• _Try it_: Ignoring every picture, return the lines of the listing below word for word, from the line that holds "Conjunto Folheado a" through the line that holds "Walden Farms Tomato".

• _Records to use_:
----

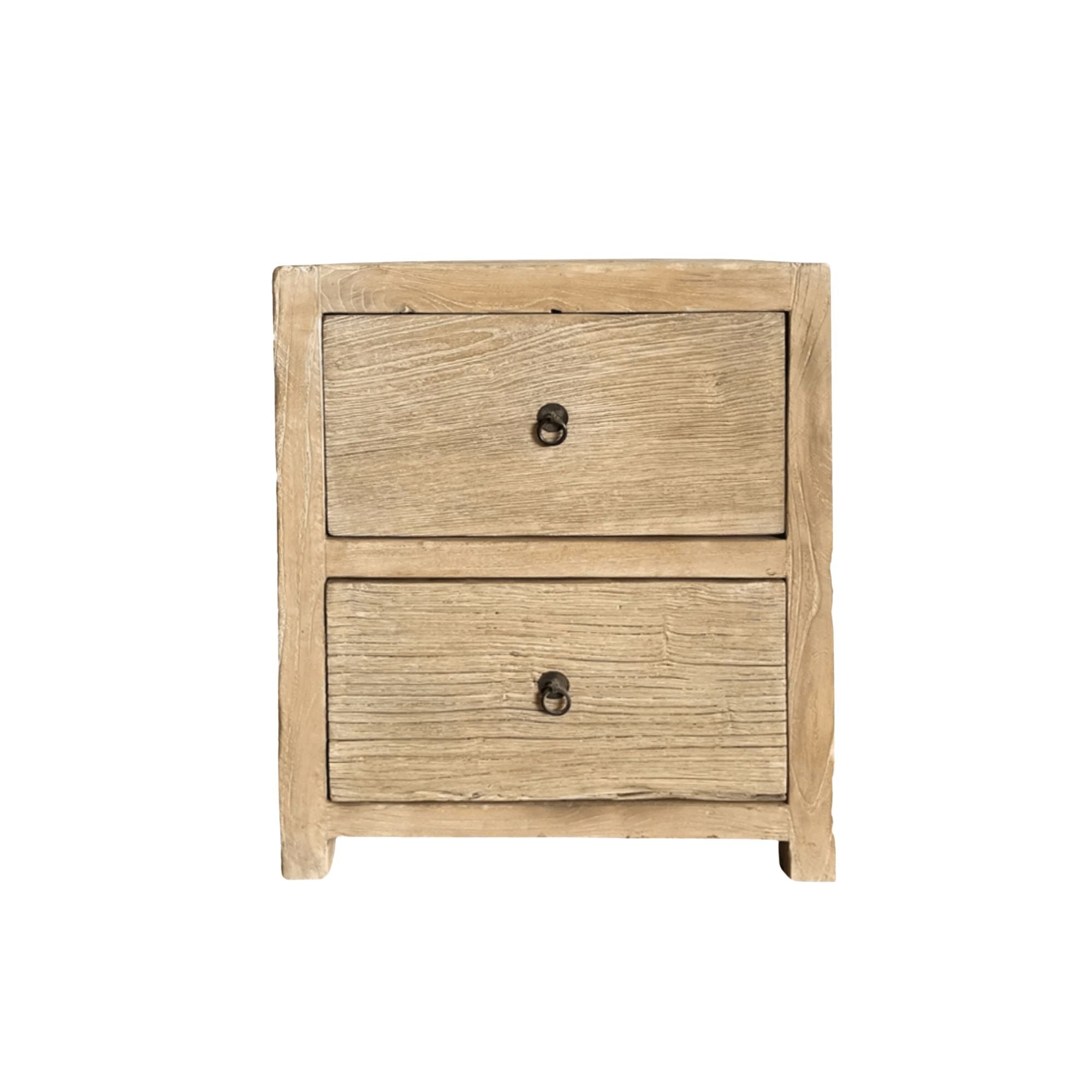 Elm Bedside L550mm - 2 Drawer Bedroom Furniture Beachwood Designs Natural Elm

----

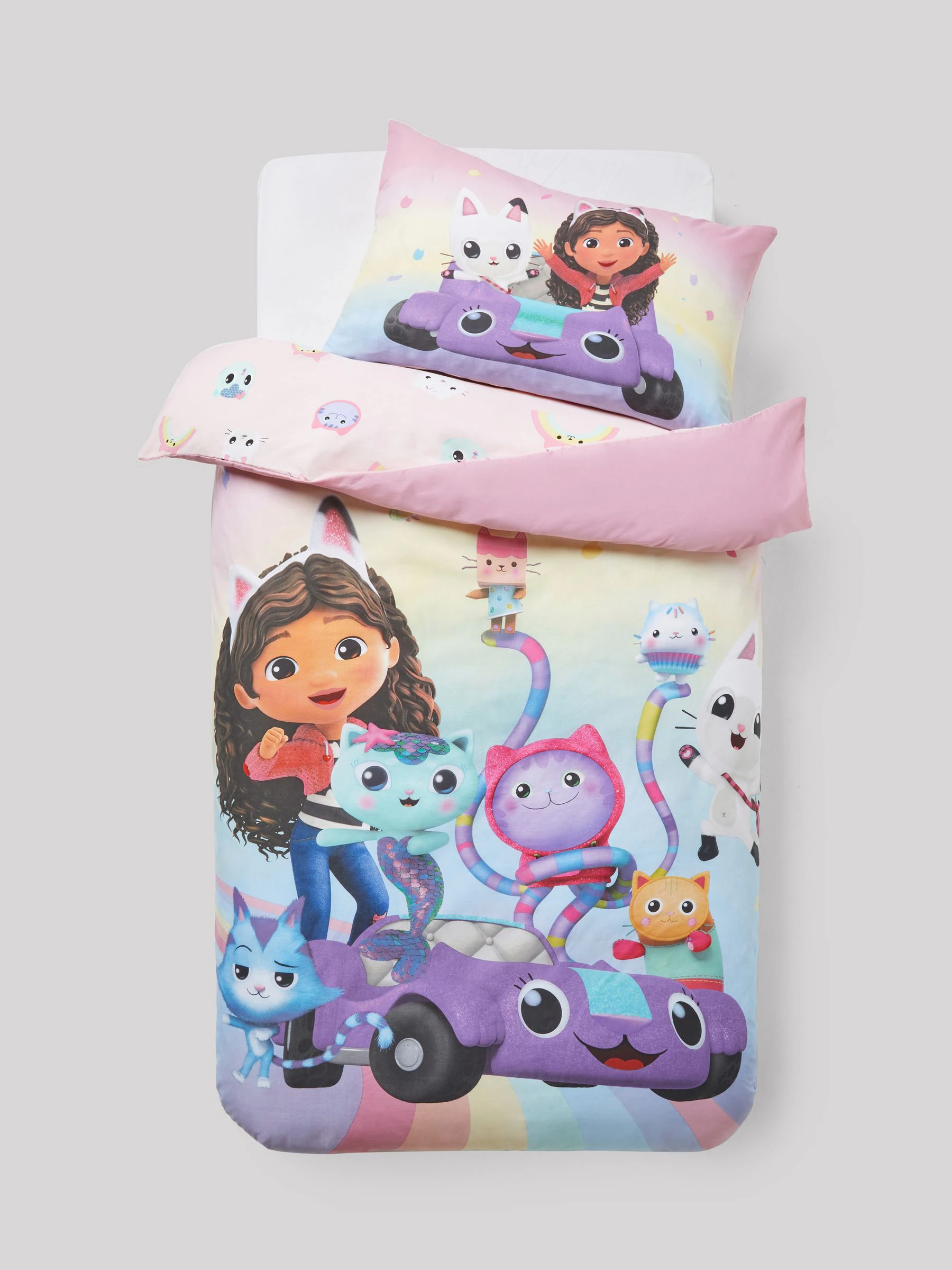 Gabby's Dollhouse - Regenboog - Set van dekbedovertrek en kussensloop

----

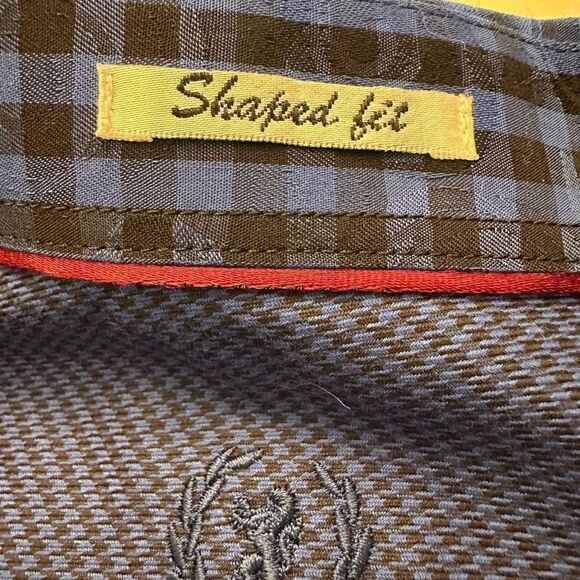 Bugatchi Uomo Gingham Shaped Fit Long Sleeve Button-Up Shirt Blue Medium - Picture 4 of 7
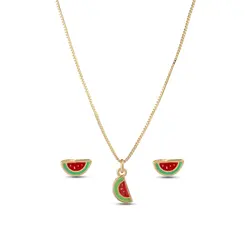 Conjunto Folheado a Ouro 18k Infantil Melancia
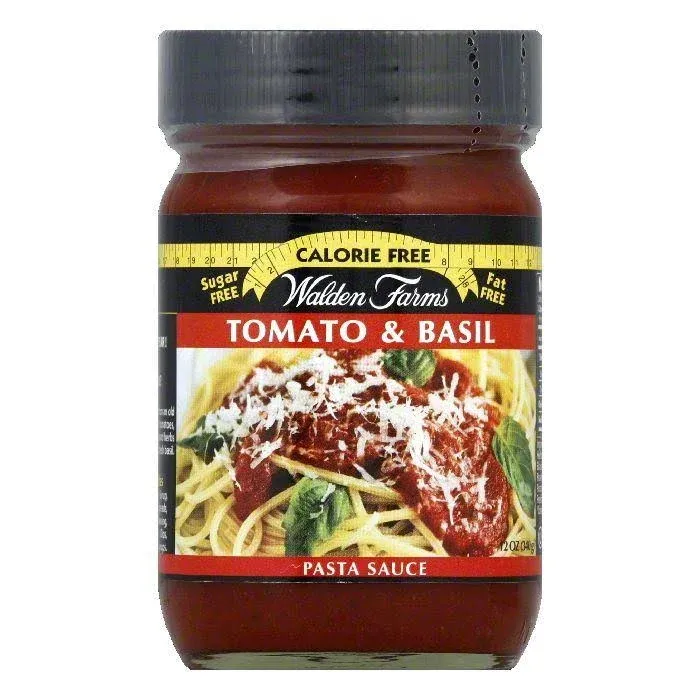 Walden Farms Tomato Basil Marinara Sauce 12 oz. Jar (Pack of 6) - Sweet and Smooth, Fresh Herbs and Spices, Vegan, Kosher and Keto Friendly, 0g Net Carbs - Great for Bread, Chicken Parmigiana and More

----

• _Exercise answer_:
 Conjunto Folheado a Ouro 18k Infantil Melancia
 Walden Farms Tomato Basil Marinara Sauce 12 oz. Jar (Pack of 6) - Sweet and Smooth, Fresh Herbs and Spices, Vegan, Kosher and Keto Friendly, 0g Net Carbs - Great for Bread, Chicken Parmigiana and More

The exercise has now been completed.